§ YOUR ASSIGNMENT:
Please reproduce the entries below exactly from the line holding "26.08.2021. Formula 1" through the last line, both included, and omit any pictures.

§ SUPPLIED DATA:
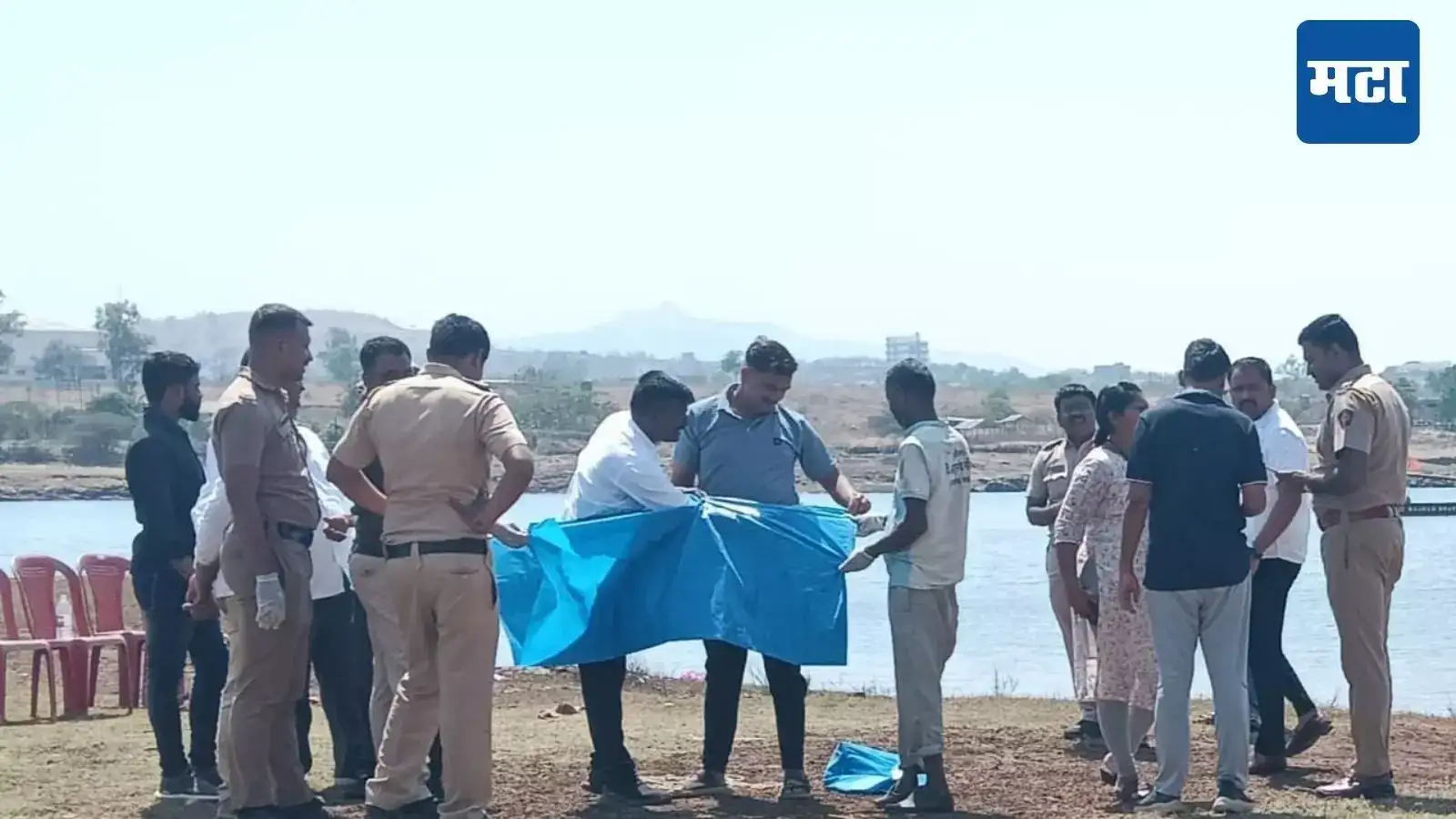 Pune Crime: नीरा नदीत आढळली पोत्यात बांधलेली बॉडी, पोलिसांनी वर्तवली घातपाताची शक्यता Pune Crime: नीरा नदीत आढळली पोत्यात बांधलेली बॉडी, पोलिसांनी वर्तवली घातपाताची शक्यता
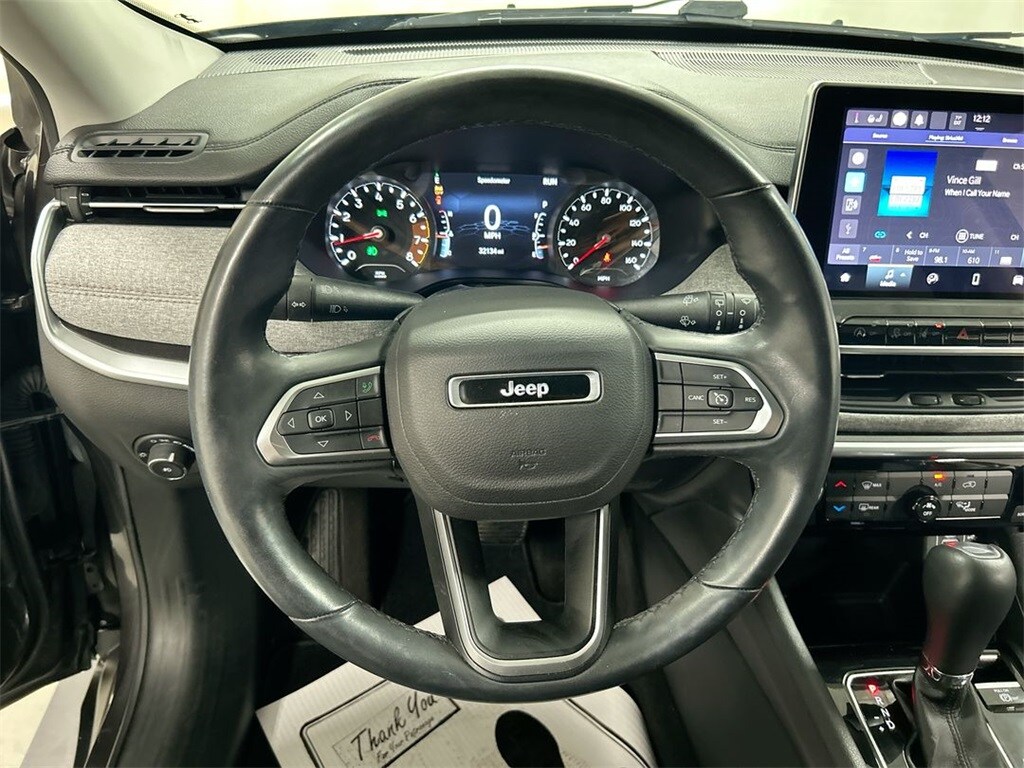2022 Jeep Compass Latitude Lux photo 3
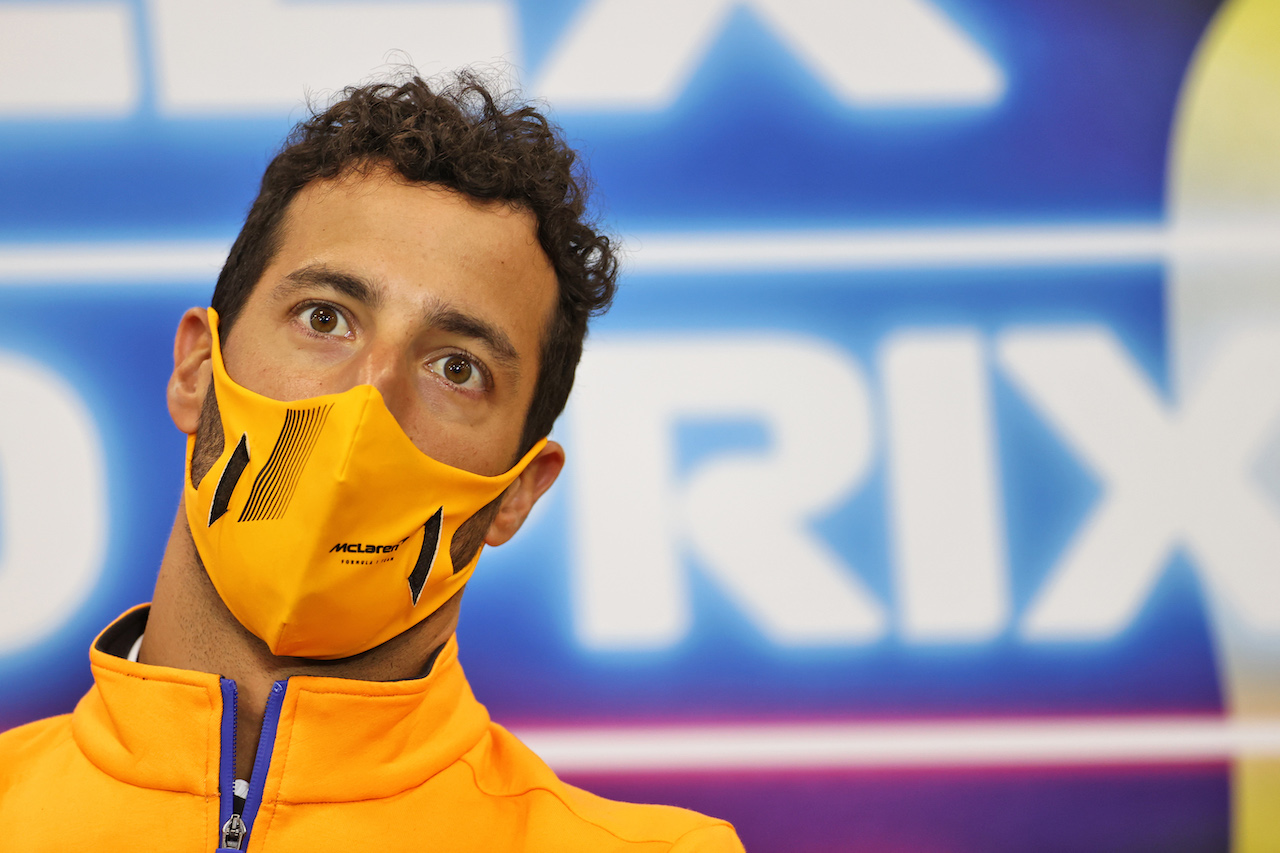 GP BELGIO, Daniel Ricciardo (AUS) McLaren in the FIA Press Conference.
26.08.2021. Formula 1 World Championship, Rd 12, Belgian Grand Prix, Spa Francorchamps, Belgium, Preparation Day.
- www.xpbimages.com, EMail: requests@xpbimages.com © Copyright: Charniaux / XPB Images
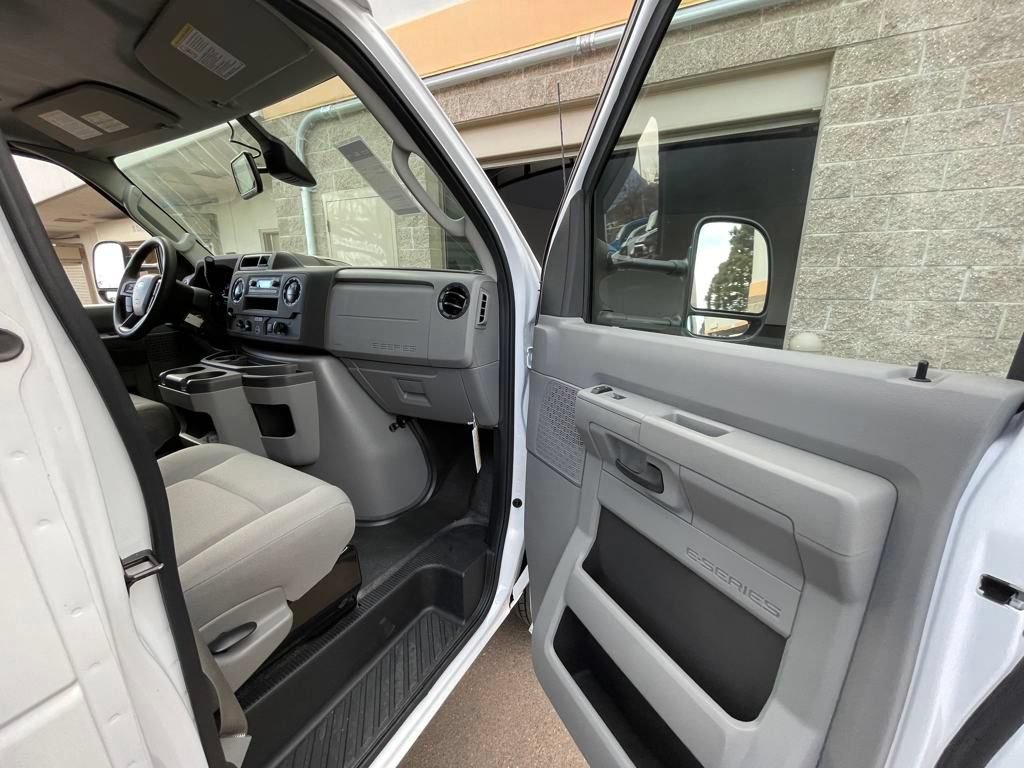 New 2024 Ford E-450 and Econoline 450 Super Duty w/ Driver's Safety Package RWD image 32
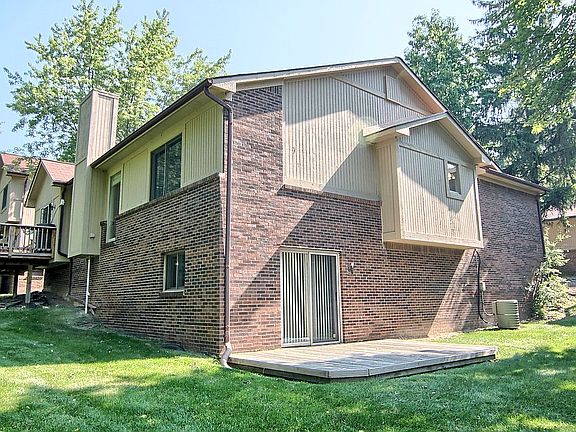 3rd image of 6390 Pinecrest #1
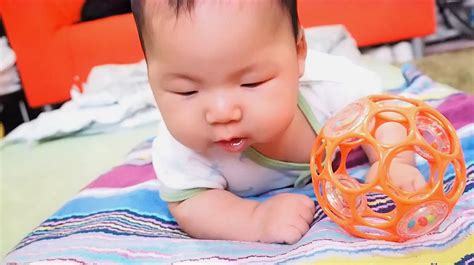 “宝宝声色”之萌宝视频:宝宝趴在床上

§ EXERCISE RESPONSE:
26.08.2021. Formula 1 World Championship, Rd 12, Belgian Grand Prix, Spa Francorchamps, Belgium, Preparation Day.
- www.xpbimages.com, EMail: requests@xpbimages.com © Copyright: Charniaux / XPB Images
 New 2024 Ford E-450 and Econoline 450 Super Duty w/ Driver's Safety Package RWD image 32
 3rd image of 6390 Pinecrest #1
 “宝宝声色”之萌宝视频:宝宝趴在床上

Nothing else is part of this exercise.